John McEnroe still plays his major matches with his father and mother perched just a few feet away. Since McEnroe emerged as a yowling babe of 17, the McEnroes have celebrated his athletic success or stared blank-faced when Mac heaved his toys out of his playpen.

But Sam Sampras didn't budge from California even when his son outlasted Ivan Lendl in the quarterfinals.

The father described himself as a reformed tennis parent who ''spent 12 years with the kid, taking him to junior tournaments.''

The family used to live in Potomac, Md., where the father worked for the Defense Department and helped run the McLean Delicatessen in Virginia in his spare time.

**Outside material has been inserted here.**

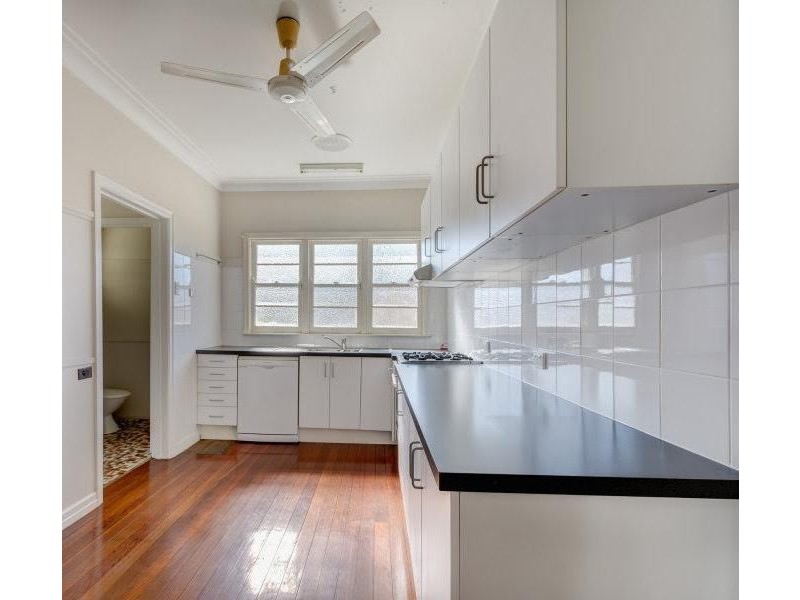 134 Gracemere Street, Grange QLD 4051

Twelve years ago, the father came home and announced he wanted to spent more time with his family, so they were moving to California, where there was plenty of aviation work and also plenty of good tennis weather.

The father enlisted a series of coaches who are still praised and remembered. The family used to ride around in an old Volkswagen van, taking Pete to tournaments, but when the boy started playing on the professional tour, the father knew it was time to put the van in the garage and take up jogging.

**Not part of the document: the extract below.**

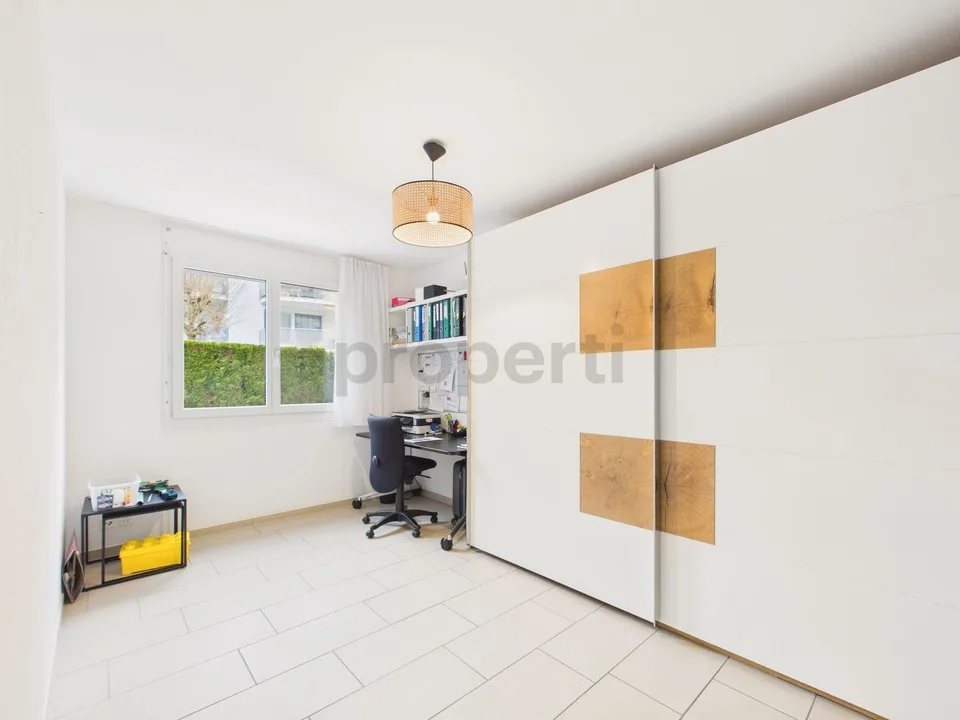 Modern 5.5-room apartment with 290m2 garden in Wetzikon – photo 8 of 13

''I went with him to four tournaments in Europe last year,'' the father said Saturday. ''Maybe I brought him bad luck, but he lost in the first round of all four. He doesn't need our moral support. He's an adult.'' The son behaved like a grownup at this Open and he also displayed a classic serve-and-volley game, without the twitches or baseline preoccupations of the recent generations.

''I've always looked up to Rod Laver and Ken Rosewall,'' Sampras said yesterday, referring to the Australian stars of the 60's.

''I worked with a coach named Del Little who had old tapes of Laver winning the 1971 and 1972 W.C.T. in Dallas,'' Sampras added. ''Laver could do it all.'' This identification with classic tennis players goes along with his taste in music. Pete Sampras prefers oldies-but-goodies like Cat Stevens and the Eagles to current technology-obsessed new-wave rock.

The two players have the same educational level: while many youths of 19 and 20 were working on a term paper or sending out for pizza or listening to the stereo or whatever else happens on Sunday afternoon in college, Agassi and Sampras were out working in their chosen field.

''What good is a high-school diploma in this country, anyway?'' Sampras asked recently. This single-mindedness of both Sampras and Agassi demonstrated why armies tend to want 19- and 20-year-olds jumping out of fox holes and charging the enemy position.

''They don't quite know what they're doing,'' McEnroe had said, not being disrespectful.

''You can't appreciate it until you get older,'' McEnroe said, revealing a little bit about why he has pushed himself back toward the top level.

Youth was served at this Open, Agassi by an entire entourage, Sampras by only a couple of factotums unrelated to him. But he had his serve, and he knew there were people who cared for him back home, and that was more than enough.